Data supplied: Begin
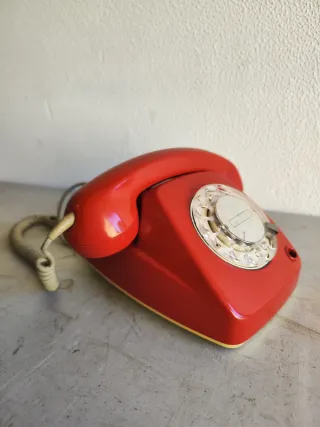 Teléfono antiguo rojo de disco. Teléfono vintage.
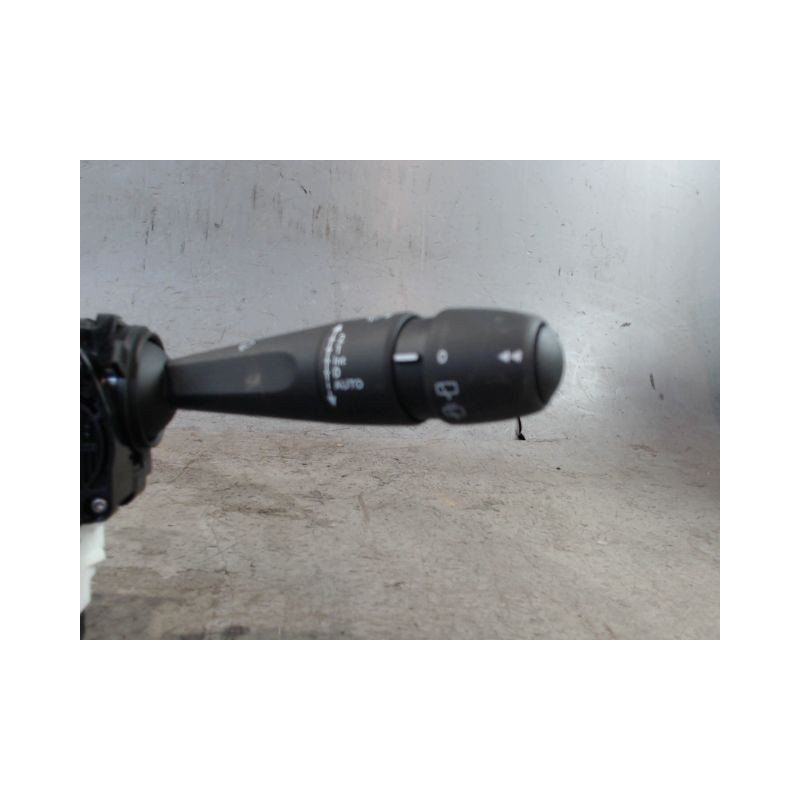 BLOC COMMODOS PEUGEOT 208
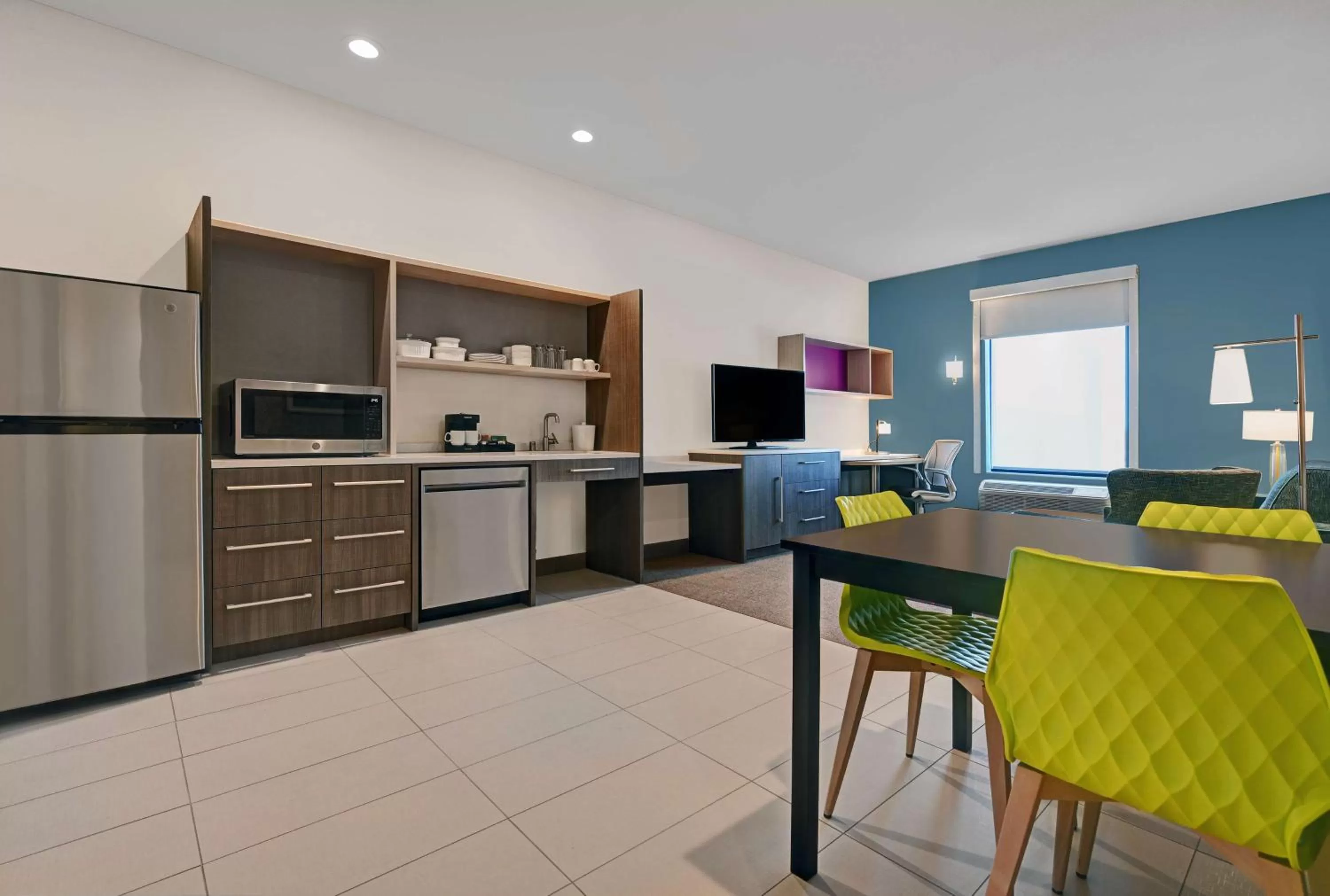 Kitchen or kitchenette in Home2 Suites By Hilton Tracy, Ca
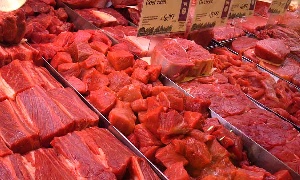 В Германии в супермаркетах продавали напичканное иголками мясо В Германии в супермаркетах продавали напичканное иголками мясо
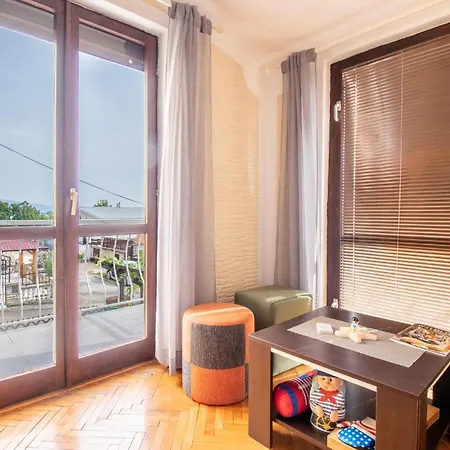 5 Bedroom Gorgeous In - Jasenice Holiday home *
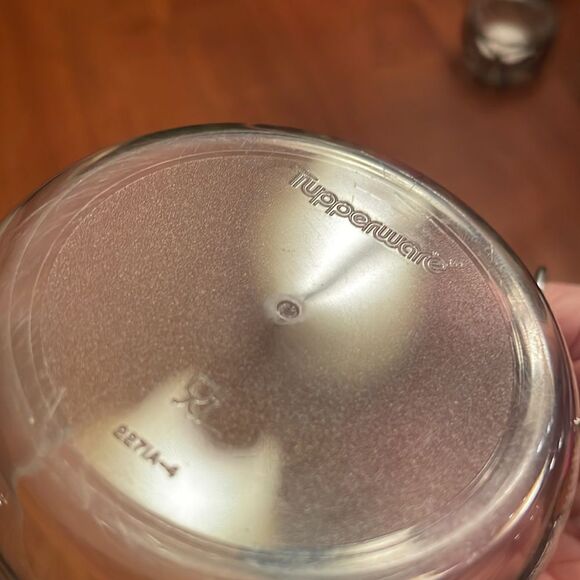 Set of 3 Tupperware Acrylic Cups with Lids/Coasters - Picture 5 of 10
Data supplied: End
Assigned task:
Please reproduce the records above exactly, leaving out every picture.

Task output:
 Teléfono antiguo rojo de disco. Teléfono vintage.
 BLOC COMMODOS PEUGEOT 208
 Kitchen or kitchenette in Home2 Suites By Hilton Tracy, Ca
 В Германии в супермаркетах продавали напичканное иголками мясо В Германии в супермаркетах продавали напичканное иголками мясо
 5 Bedroom Gorgeous In - Jasenice Holiday home *
 Set of 3 Tupperware Acrylic Cups with Lids/Coasters - Picture 5 of 10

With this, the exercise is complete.